Не стоит и говорить о том, что заботы о поддержании порядка в доме, всего, что именуется ornamentodellacasa, преследуют одну главную цель, а именно – ублаготворение супруга, коего следует избавить от любых хозяйственных дел, дабы «не имел заботы ни об одной вещи из тех, что находятся в нашем доме» [16, c. 166]. Список таких предметов, из попечения о которых состояло ежедневное рабочее расписание хозяйки дома, каким оно описано в другом трактате позднего чинквеченто, впечатляет своей пространностью.

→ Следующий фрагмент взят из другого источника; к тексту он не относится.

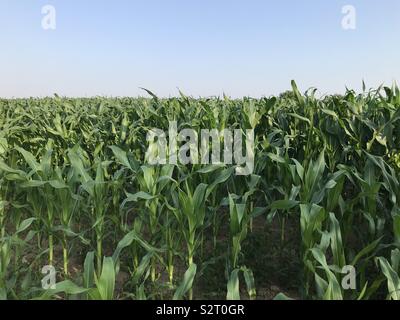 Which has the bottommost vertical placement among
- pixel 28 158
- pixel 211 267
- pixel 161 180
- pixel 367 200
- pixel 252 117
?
pixel 211 267

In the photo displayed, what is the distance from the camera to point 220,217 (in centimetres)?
339

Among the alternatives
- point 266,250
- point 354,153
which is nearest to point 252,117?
point 354,153

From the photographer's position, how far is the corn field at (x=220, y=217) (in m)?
2.14

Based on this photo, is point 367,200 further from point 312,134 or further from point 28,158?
point 28,158

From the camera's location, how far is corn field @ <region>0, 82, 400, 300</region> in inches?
84.4

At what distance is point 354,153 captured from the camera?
135 inches

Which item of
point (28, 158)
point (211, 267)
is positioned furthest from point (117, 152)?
point (211, 267)

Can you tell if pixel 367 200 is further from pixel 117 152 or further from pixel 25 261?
pixel 25 261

Согласно ему, от женщины требовалось озаботиться «чисткой мебели, занятиями иглы, прялки, мотовила (esercitio dell'ago, della conocchia, dellarcolaio), обходить винный погреб, хранилище зерна, кладовую, сад, птичник и животных на хозяйственном дворе, вести счет стиркам и всей кухонной утвари, приготовленным блюдам и заготовкам на целый год» [14, c. 381].

И жизнь как будто оправдывала такой идеал женского существования почерпнутыми из нее примерами. Вот один из них: перед нами – относящаяся к периоду 1592-1605 годов частная переписка благородной венецианской дамы Фиоренци Капелло Гримани, позволяющая заглянуть в мир обычной патрицианской семьи, высветив роль в нем женщины исключительно в качестве хозяйки дома и матери, и ее самоощущение в качестве таковой [18, c. 1-118]. Кругозор умственных интересов этой дамы полностью ограничен вопросами выполнения необходимых домашних работ и организации хозяйственной жизни на загородной вилле, типичной венецианской villa rustica, куда она обыкновенно переселялась по весне или осенью и откуда отправляла свои послания остававшемуся в городе супругу. В центре внимания Фиоренци – хлопоты о пополнении съестных припасов, наблюдение за состоянием зернохранилища и винного погреба, ее беспокоит ожидаемый урожай, она встречается с управляющим имением и арендаторами, не упуская из вида положения дел в городском доме, где нужно вовремя отдать в стирку белье. Но ее самая главная забота – это дети, состояние их здоровья и воспитание, и оттого сама она с исчерпывающей ясностью так формулирует свою жизненную программу: «забота о доме и детишках» [18, c. 41].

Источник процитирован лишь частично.